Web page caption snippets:

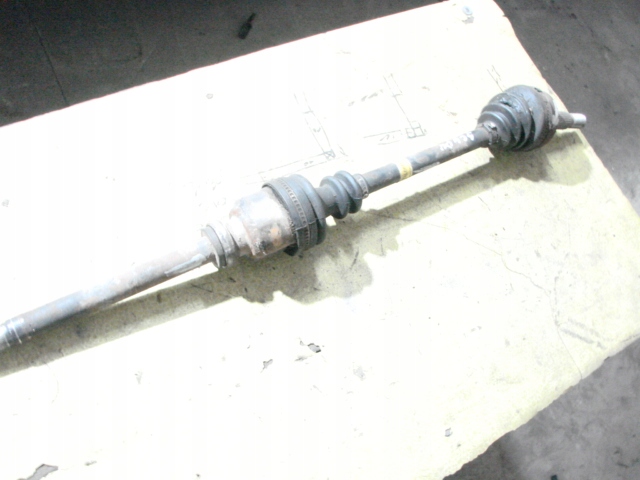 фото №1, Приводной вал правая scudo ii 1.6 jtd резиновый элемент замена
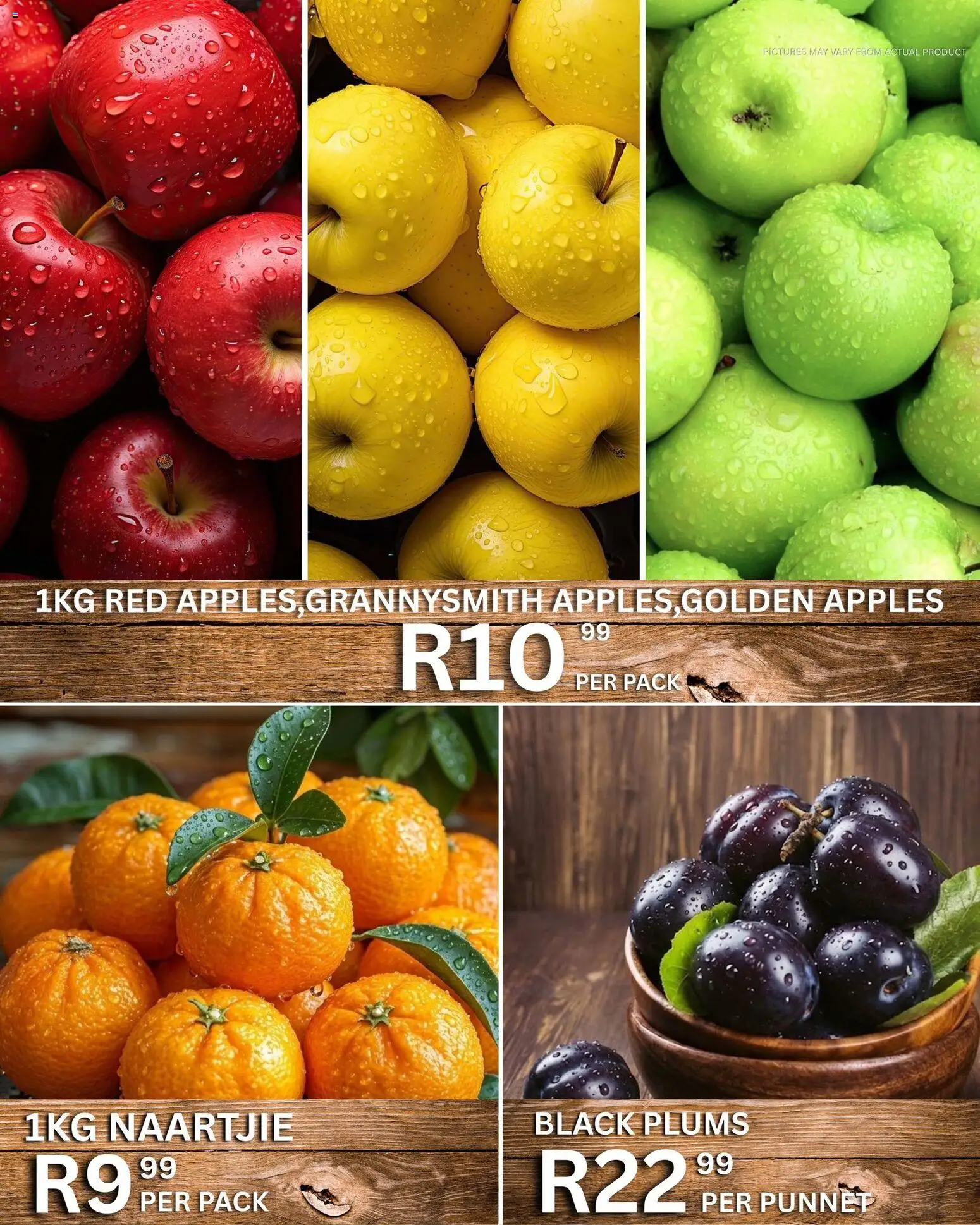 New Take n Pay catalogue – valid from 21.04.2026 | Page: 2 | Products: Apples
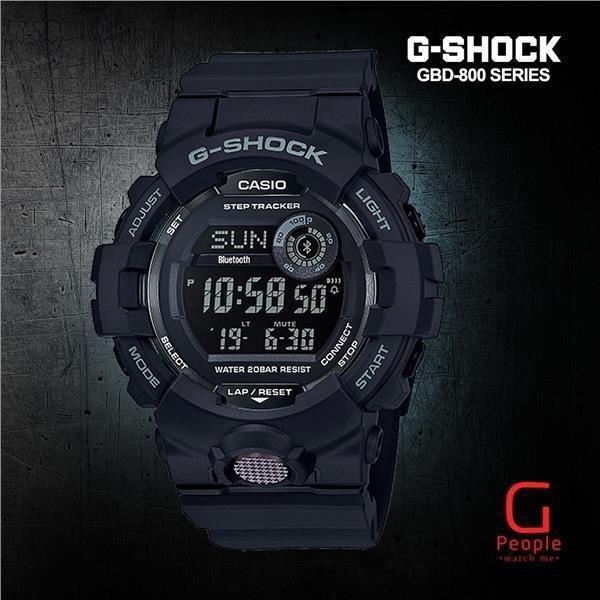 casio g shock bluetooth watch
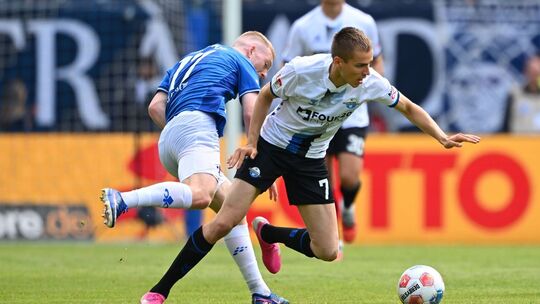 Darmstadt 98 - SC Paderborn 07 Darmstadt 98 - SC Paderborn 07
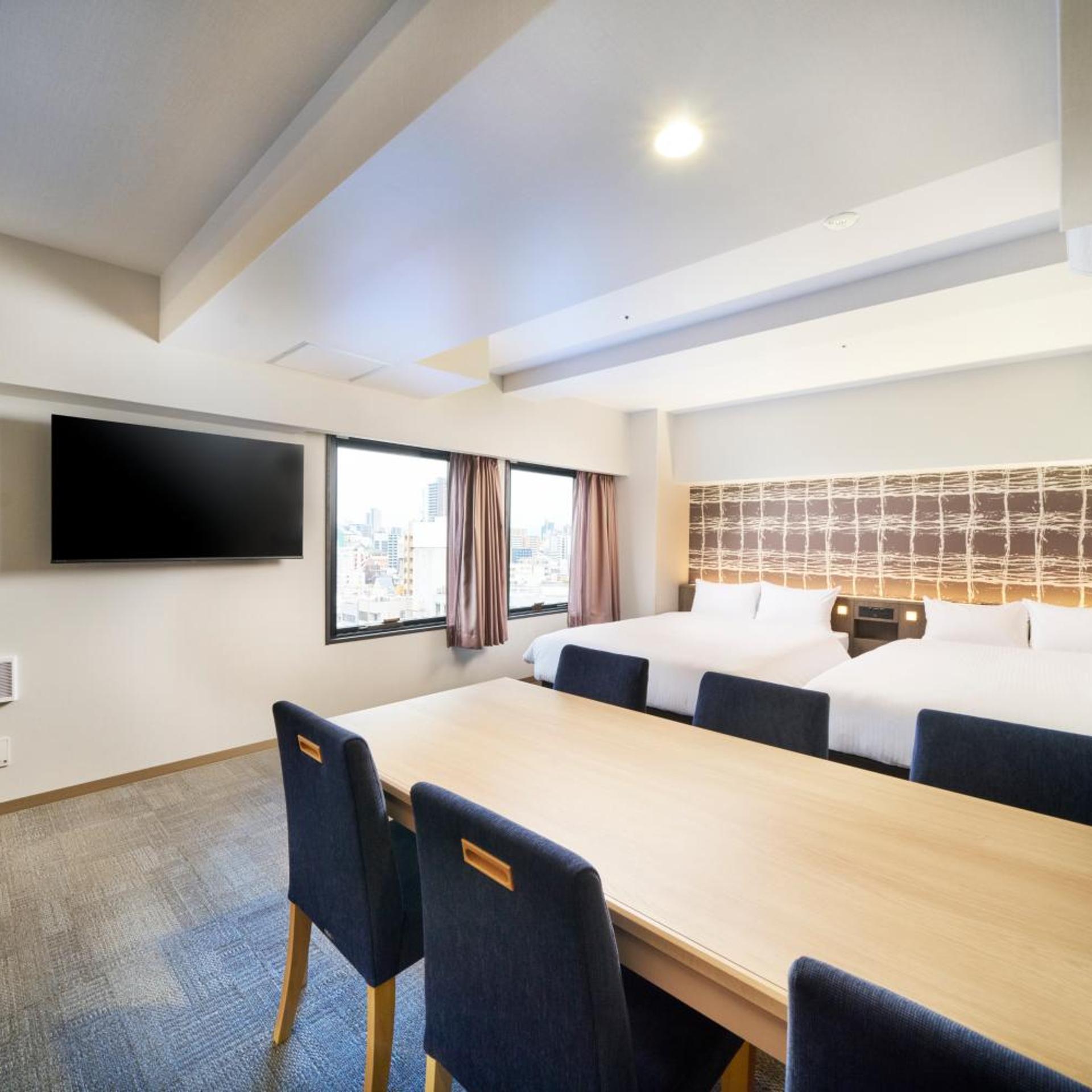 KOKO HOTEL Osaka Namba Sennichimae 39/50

→ **WHAT YOU WILL DO**: Would you set down each line of the data exactly, with no images included?

→ **WRITTEN SOLUTION**:
 фото №1, Приводной вал правая scudo ii 1.6 jtd резиновый элемент замена
 New Take n Pay catalogue – valid from 21.04.2026 | Page: 2 | Products: Apples
 casio g shock bluetooth watch
 Darmstadt 98 - SC Paderborn 07 Darmstadt 98 - SC Paderborn 07
 KOKO HOTEL Osaka Namba Sennichimae 39/50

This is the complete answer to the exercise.